I got up early on Saturday and checked the weather/traffic/roads, and to make sure the meeting was not cancelled. For all I knew flight delays and cancellations could have kept Dr. Fesano from even arriving the night before. No blanket e-mail had been sent out indicating this happened so the show would go on. Thank goodness! The snow would not arrive until 11 am or so and we'd already be in the meeting by then. At least I could make it there - I'd worry about getting home when that time came. Nothing was going to keep me from getting to this meeting - period. I was concerned that no one else would show up and how horrible that would be....the auditorium seats several hundred and we surely should be able to fill it up with such a respected speaker - under normal weather conditions that is. Luckily I was not the only person excited to see Dr. Fesano in person. We had people driving in from others states for the event. With them and those in our group that made it, we did pretty much fill up the space. Yea!

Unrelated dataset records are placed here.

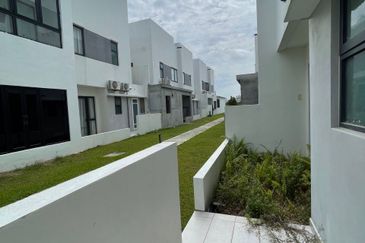 Gamuda Kemuning 25.7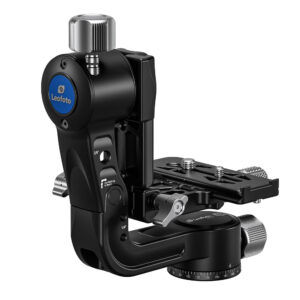Thumbnail: Leofoto PG-2S Folding Gimbal Head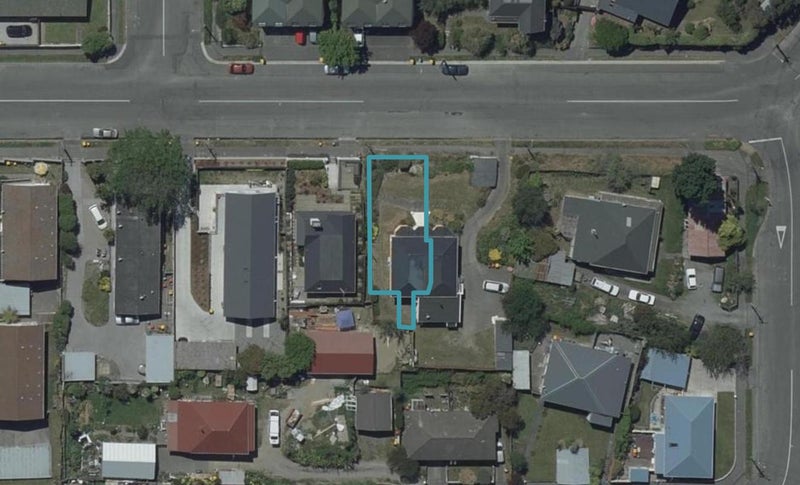 3/540 Armagh Street, Linwood, Christchurch - Carousel 1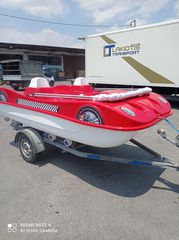 Σκάφος 2026 MIRONBOATS  "FERRARI"-thumb-2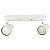Спот Fametto Sotto DLC-S621 GU10x2 WHITE UL-00009799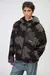 MIX REVERSIBLE JACKET - BOWEN - Bwana clothes, art & design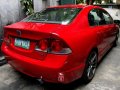 Selling Honda Civic 2006 Automatic Gasoline in Mandaluyong-4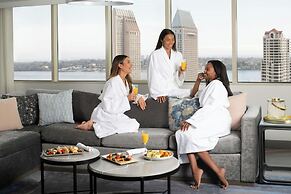 The Westin San Diego Bayview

Dr. Fesano has a lovely Italian accent (he's from Italy of course) and has a great sense of humor and was very entertaining to say the least. It's hard to think someone could make learning statistics about Celiac disease fun but Dr. Fesano did just that! He told of how he started his Celiac Center and why he did it - what type of specialists he got to staff and run it, etc. The bottom line was he knew we had a LOT of people in the US who had Celiac. Problem was that doctors here didn't know much, if anything, about Celiac so how could they be diagnosing it properly? Answer of course is they were not diagnosing it, almost at all. Dr. Fesano didn't think this was fair to us - those with Celiac whose lives could be greatly improved by going on the gluten free diet. And so his journey to prove how many Americans have Celiac began.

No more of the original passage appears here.